YOUR TASK: The answer is to contain only the line containing "this 1024×768 image." and the lines after it through the last one, each reproduced exactly as it appears below.
SOURCE RECORDS START
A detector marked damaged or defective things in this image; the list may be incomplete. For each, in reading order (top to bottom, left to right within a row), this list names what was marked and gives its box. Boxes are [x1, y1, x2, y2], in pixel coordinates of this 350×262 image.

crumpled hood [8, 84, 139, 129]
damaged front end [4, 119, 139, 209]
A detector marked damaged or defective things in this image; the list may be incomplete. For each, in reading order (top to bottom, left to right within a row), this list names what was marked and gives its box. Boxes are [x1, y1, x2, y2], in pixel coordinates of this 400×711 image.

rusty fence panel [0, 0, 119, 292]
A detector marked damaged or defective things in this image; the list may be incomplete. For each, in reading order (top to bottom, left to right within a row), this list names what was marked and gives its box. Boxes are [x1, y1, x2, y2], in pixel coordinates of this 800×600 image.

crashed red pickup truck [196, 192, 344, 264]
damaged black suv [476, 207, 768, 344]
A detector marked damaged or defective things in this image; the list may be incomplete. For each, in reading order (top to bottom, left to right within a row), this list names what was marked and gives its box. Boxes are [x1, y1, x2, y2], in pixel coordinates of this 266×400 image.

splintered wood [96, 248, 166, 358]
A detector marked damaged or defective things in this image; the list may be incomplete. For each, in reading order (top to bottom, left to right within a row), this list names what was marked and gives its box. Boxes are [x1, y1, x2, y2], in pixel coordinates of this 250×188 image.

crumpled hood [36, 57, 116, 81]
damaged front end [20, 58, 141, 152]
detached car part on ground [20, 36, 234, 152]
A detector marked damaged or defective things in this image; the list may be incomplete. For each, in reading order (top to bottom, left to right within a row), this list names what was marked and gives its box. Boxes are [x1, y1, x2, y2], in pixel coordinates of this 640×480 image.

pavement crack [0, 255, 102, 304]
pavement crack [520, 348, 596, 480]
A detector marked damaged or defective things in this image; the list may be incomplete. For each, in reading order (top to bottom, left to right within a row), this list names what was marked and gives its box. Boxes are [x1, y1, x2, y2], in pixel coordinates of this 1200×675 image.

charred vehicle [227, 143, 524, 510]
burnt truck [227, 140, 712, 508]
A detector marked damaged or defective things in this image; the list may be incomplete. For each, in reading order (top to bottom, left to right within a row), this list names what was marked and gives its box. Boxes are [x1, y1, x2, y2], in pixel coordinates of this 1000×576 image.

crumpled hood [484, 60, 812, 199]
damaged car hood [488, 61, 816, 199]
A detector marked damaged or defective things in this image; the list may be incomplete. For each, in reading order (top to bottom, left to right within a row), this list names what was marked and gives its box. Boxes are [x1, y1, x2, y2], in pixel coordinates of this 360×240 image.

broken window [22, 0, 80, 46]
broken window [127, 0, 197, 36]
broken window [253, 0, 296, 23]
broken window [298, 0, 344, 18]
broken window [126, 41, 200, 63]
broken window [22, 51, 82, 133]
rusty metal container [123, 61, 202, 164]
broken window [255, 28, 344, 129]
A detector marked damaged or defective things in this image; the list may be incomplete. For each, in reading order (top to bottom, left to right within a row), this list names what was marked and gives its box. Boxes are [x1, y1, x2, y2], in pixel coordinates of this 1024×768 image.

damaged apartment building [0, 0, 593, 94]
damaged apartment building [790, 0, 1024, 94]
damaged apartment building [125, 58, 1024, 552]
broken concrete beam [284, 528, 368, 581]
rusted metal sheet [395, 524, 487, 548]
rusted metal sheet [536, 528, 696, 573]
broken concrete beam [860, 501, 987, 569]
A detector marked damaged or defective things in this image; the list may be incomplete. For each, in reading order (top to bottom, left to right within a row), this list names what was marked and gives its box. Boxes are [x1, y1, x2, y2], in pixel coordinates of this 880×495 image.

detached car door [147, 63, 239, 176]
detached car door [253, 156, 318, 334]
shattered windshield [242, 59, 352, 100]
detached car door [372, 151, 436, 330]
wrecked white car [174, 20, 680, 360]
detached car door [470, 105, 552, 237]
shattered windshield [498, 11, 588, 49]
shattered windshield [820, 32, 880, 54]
SOURCE RECORDS END
RESPONSE TO THIS TASK:
A detector marked damaged or defective things in this image; the list may be incomplete. For each, in reading order (top to bottom, left to right within a row), this list names what was marked and gives its box. Boxes are [x1, y1, x2, y2], in pixel coordinates of this 1024×768 image.

damaged apartment building [0, 0, 593, 94]
damaged apartment building [790, 0, 1024, 94]
damaged apartment building [125, 58, 1024, 552]
broken concrete beam [284, 528, 368, 581]
rusted metal sheet [395, 524, 487, 548]
rusted metal sheet [536, 528, 696, 573]
broken concrete beam [860, 501, 987, 569]
A detector marked damaged or defective things in this image; the list may be incomplete. For each, in reading order (top to bottom, left to right within a row), this list names what was marked and gives its box. Boxes are [x1, y1, x2, y2], in pixel coordinates of this 880×495 image.

detached car door [147, 63, 239, 176]
detached car door [253, 156, 318, 334]
shattered windshield [242, 59, 352, 100]
detached car door [372, 151, 436, 330]
wrecked white car [174, 20, 680, 360]
detached car door [470, 105, 552, 237]
shattered windshield [498, 11, 588, 49]
shattered windshield [820, 32, 880, 54]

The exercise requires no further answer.